* [WORK INSTRUCTION]
Please transcribe exactly the line that holds "MOTF PREMIUM WOMEN'S" and all lines that follow it to the end of the records below, omitting any pictures.

**** DATA UNDER STUDY ****

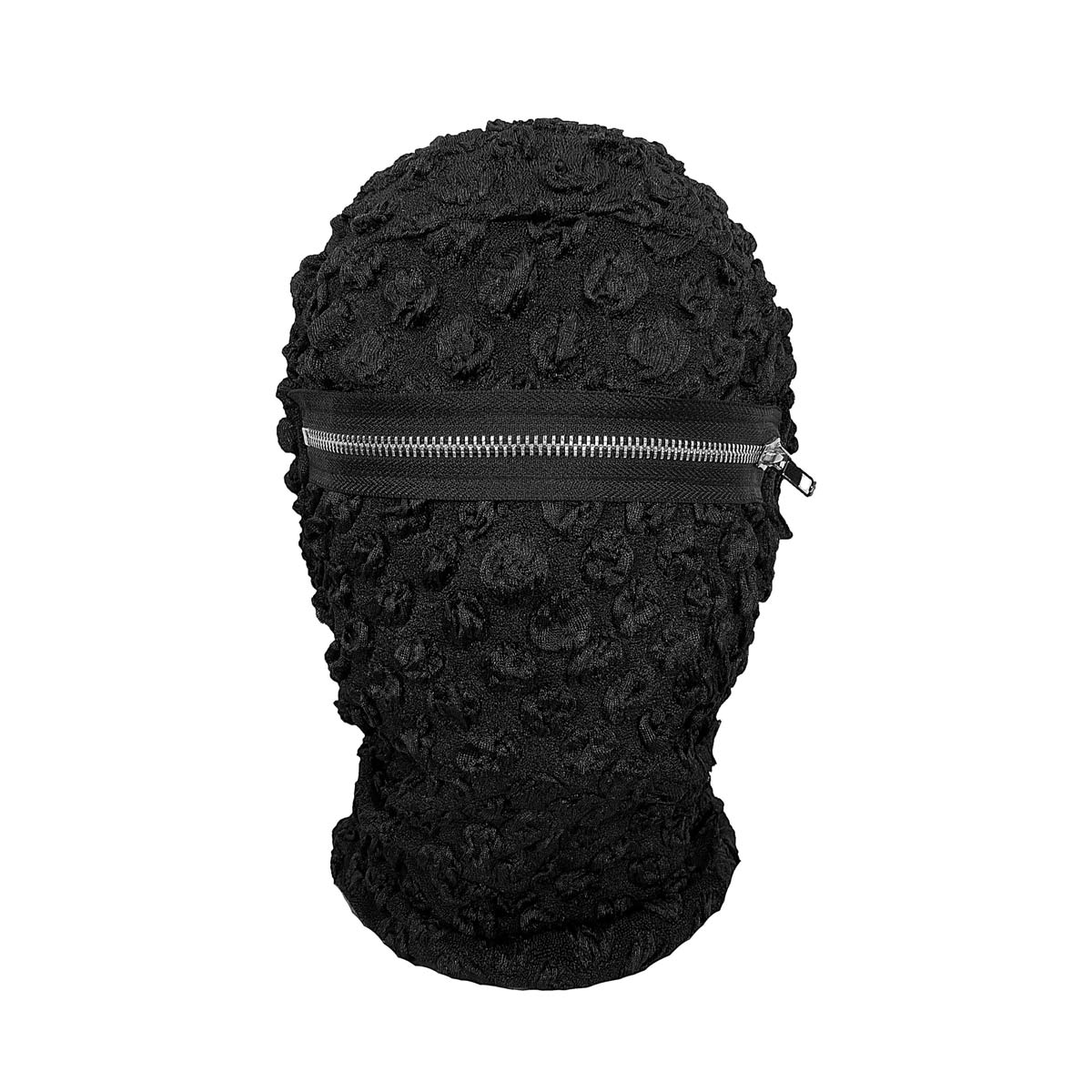Black Designer Balaclava with Horizontal Zipper - High Fashion Face Mask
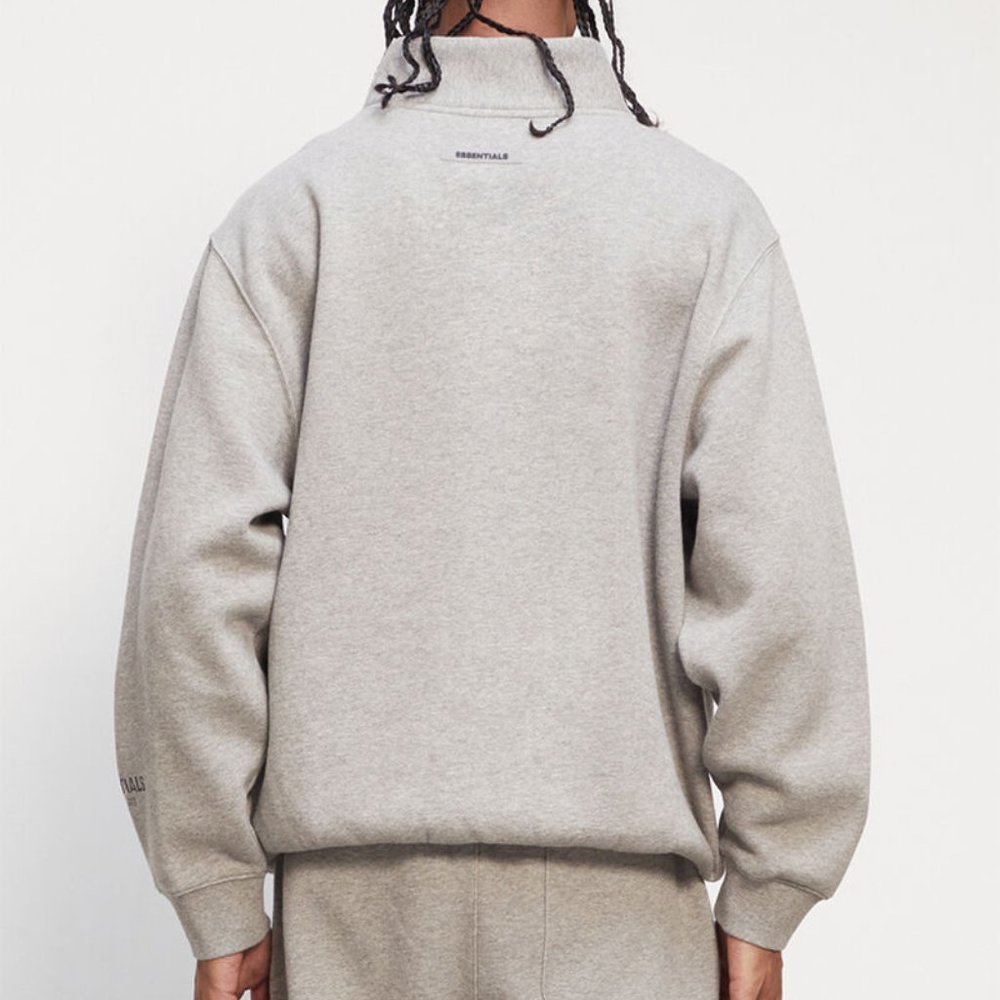 Essentials Fear of God Mock Neck Heathered Gray Sweatshirt - Picture 2 of 4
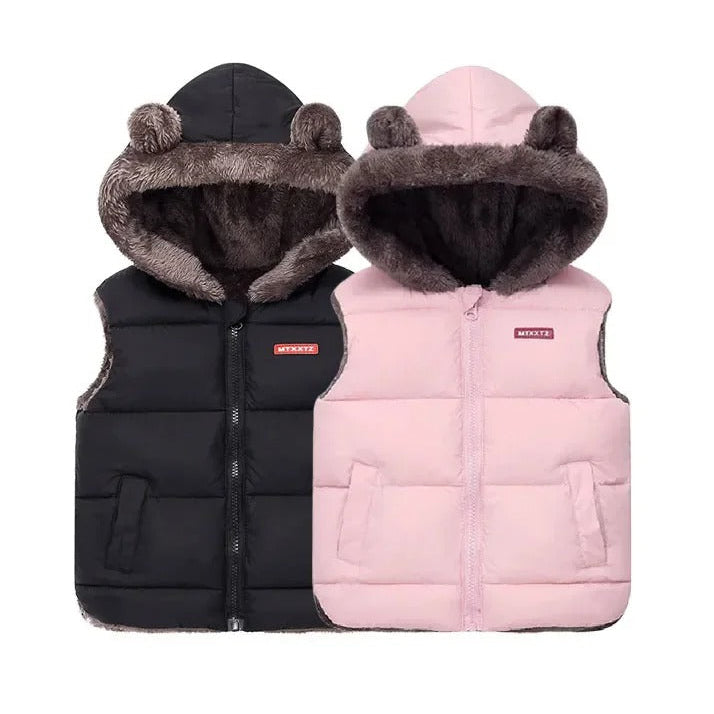 Kids hooded puffer vest winter warm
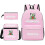 (Pink) Leisure Unspeakable Student Schoolbag Backpack Small Shoulder Bag Pen Bag Three-piece Set 1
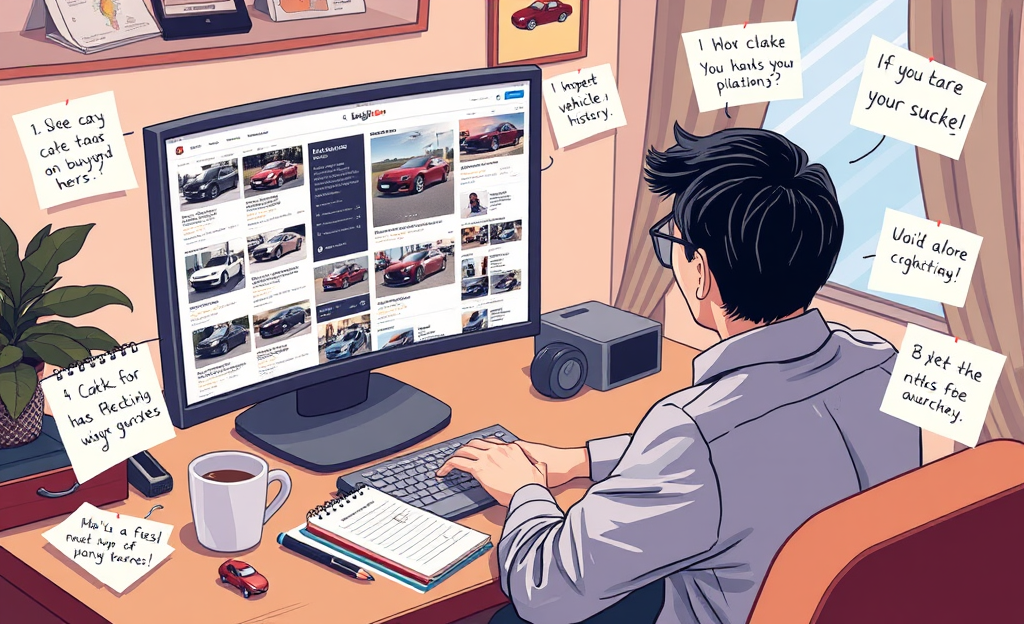 A person examining cars on a virtual auction platform with a laptop.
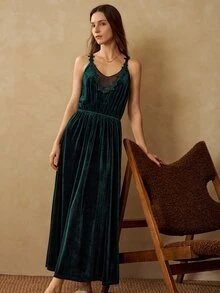 MOTF PREMIUM WOMEN'S VELVET PATCHWORK SHEER MESH LACE WAIST-CINCHING CAMISOLE SLEEP DRESS - Green - View 1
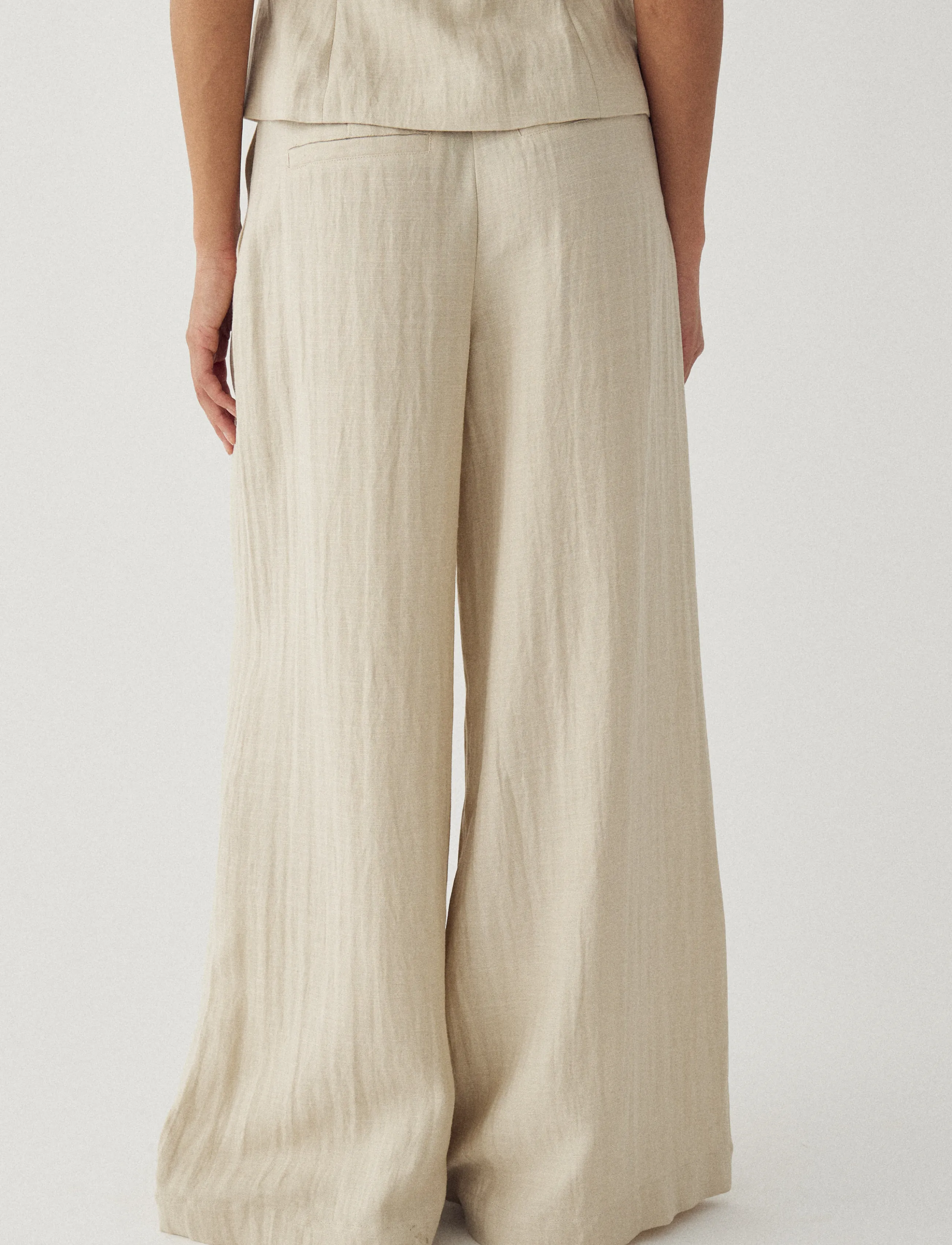 Noella - N-Kazia MW Pants - hosen mit weitem bein - oyster - 4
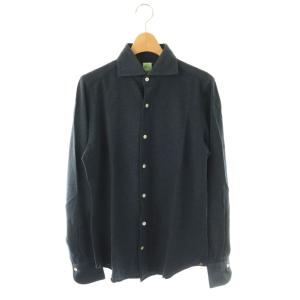 フィナモレ コットン カッタウェイ シャツ 15 1/2 39 ネイビー /DF OS AD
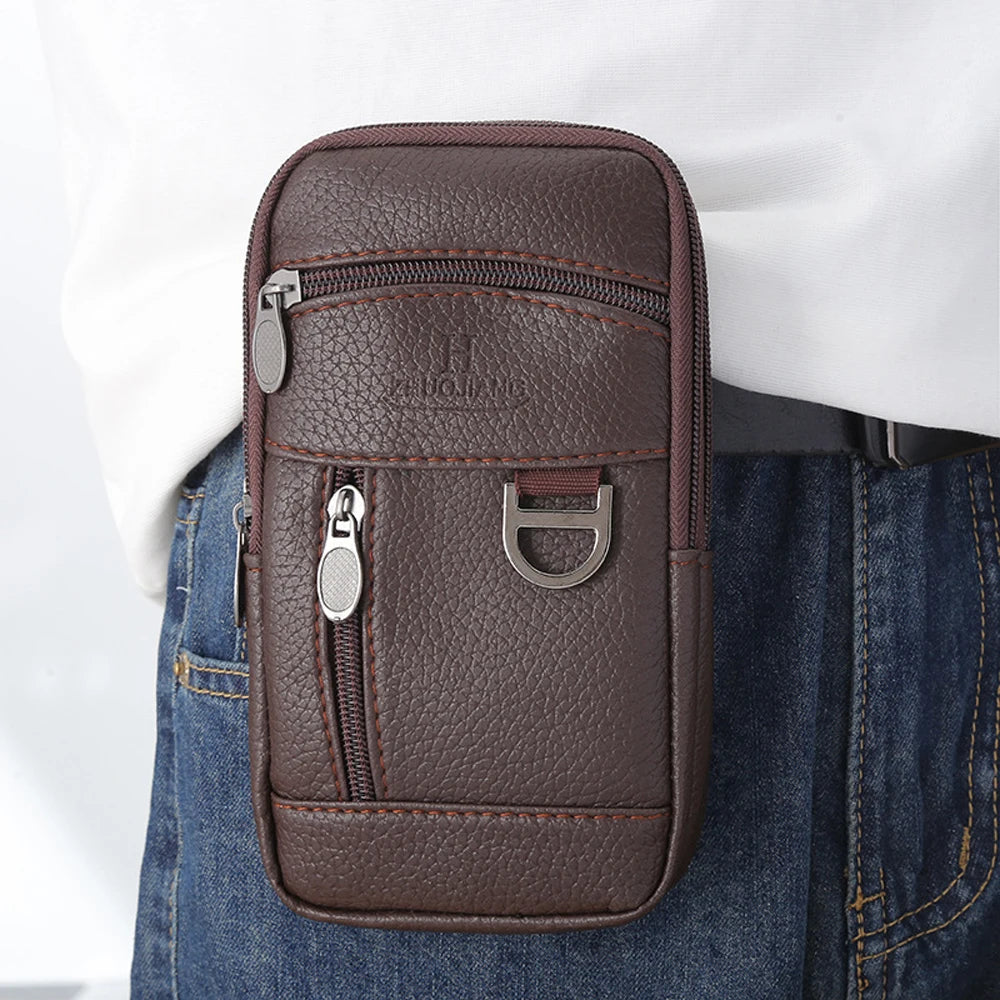 Men Waist Bag Mobile Phone Bag Outdoor PU Leather Wearable Belt Sports Waterproof Small Hanging Bag Business Leisure Coin Purse
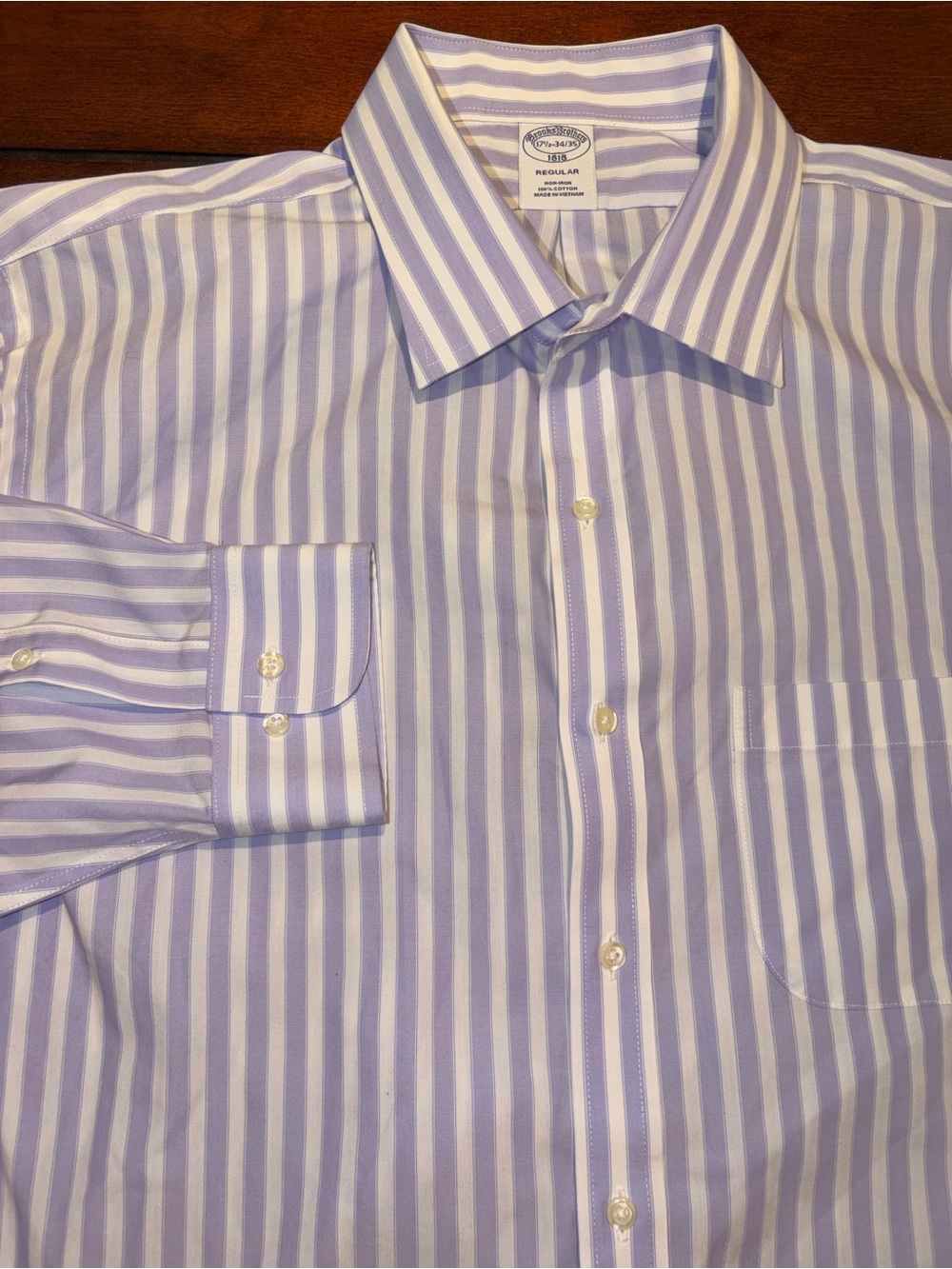 Brooks Brothers 1818 Men’s Non-Iron Dress Shirt 17.5-34/35 Regular Fit Striped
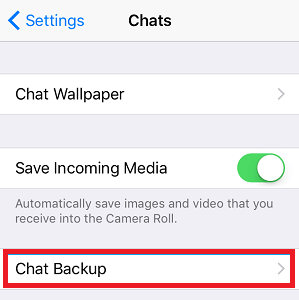 Tap on Chat Backup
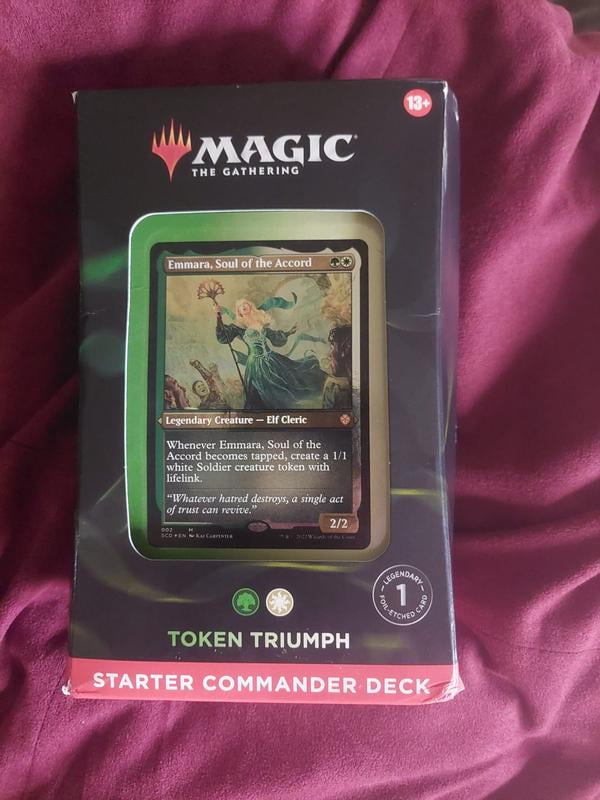 mtg token triumph card list Amazon.com: Magic: The Gathering Starter Commander Deck - Token Triumph  (Green-White) | Ready-to-Play Deck for Beginners and Fans | Ages 13+ main image 1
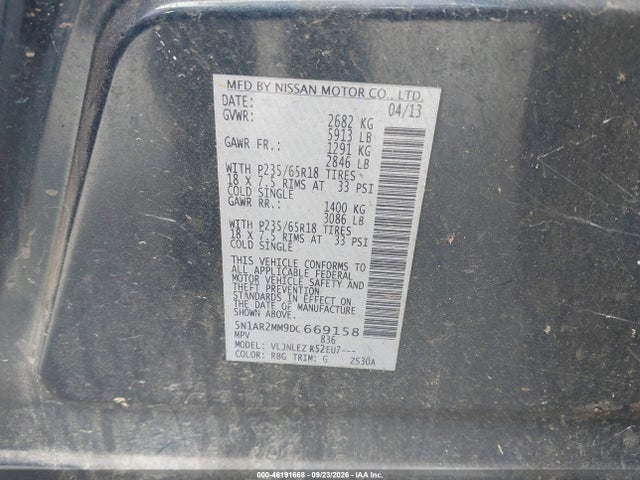 2013 Nissan Pathfinder Sv მანქანა იყიდება აუქციონზე, vin: 5N1AR2MM9DC669158, აუქციონის ნომერი: 46191668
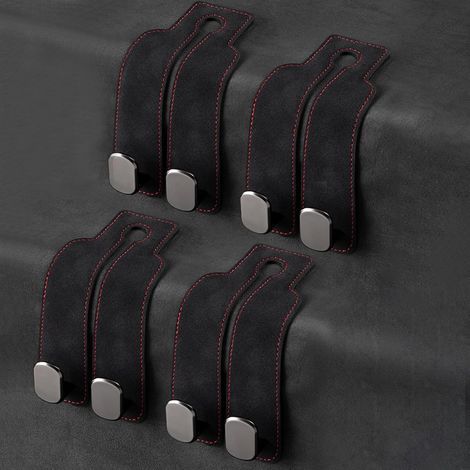 Car Handbag Hook, Car Seat Back Storage Hook (Black - 4 Pack) (1/5)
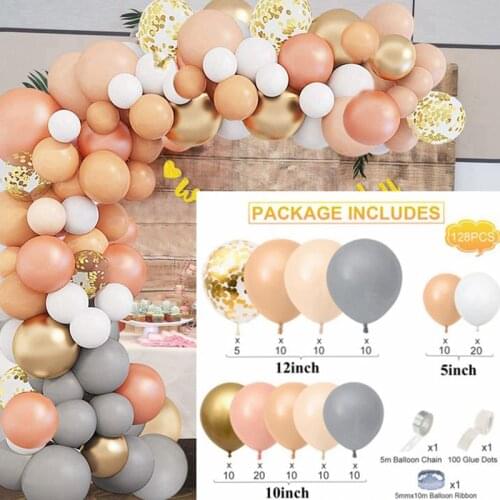 Rose Gold Confetti Latex Ballon Macaron Peach Pink Balloon Garland Arch Kit Wedding Birthday Party Decoration Baby Shower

****

* [ANSWER BELOW]
 MOTF PREMIUM WOMEN'S VELVET PATCHWORK SHEER MESH LACE WAIST-CINCHING CAMISOLE SLEEP DRESS - Green - View 1
 Noella - N-Kazia MW Pants - hosen mit weitem bein - oyster - 4
 フィナモレ コットン カッタウェイ シャツ 15 1/2 39 ネイビー /DF OS AD
 Men Waist Bag Mobile Phone Bag Outdoor PU Leather Wearable Belt Sports Waterproof Small Hanging Bag Business Leisure Coin Purse
 Brooks Brothers 1818 Men’s Non-Iron Dress Shirt 17.5-34/35 Regular Fit Striped
 Tap on Chat Backup
 mtg token triumph card list Amazon.com: Magic: The Gathering Starter Commander Deck - Token Triumph  (Green-White) | Ready-to-Play Deck for Beginners and Fans | Ages 13+ main image 1
 2013 Nissan Pathfinder Sv მანქანა იყიდება აუქციონზე, vin: 5N1AR2MM9DC669158, აუქციონის ნომერი: 46191668
 Car Handbag Hook, Car Seat Back Storage Hook (Black - 4 Pack) (1/5)
 Rose Gold Confetti Latex Ballon Macaron Peach Pink Balloon Garland Arch Kit Wedding Birthday Party Decoration Baby Shower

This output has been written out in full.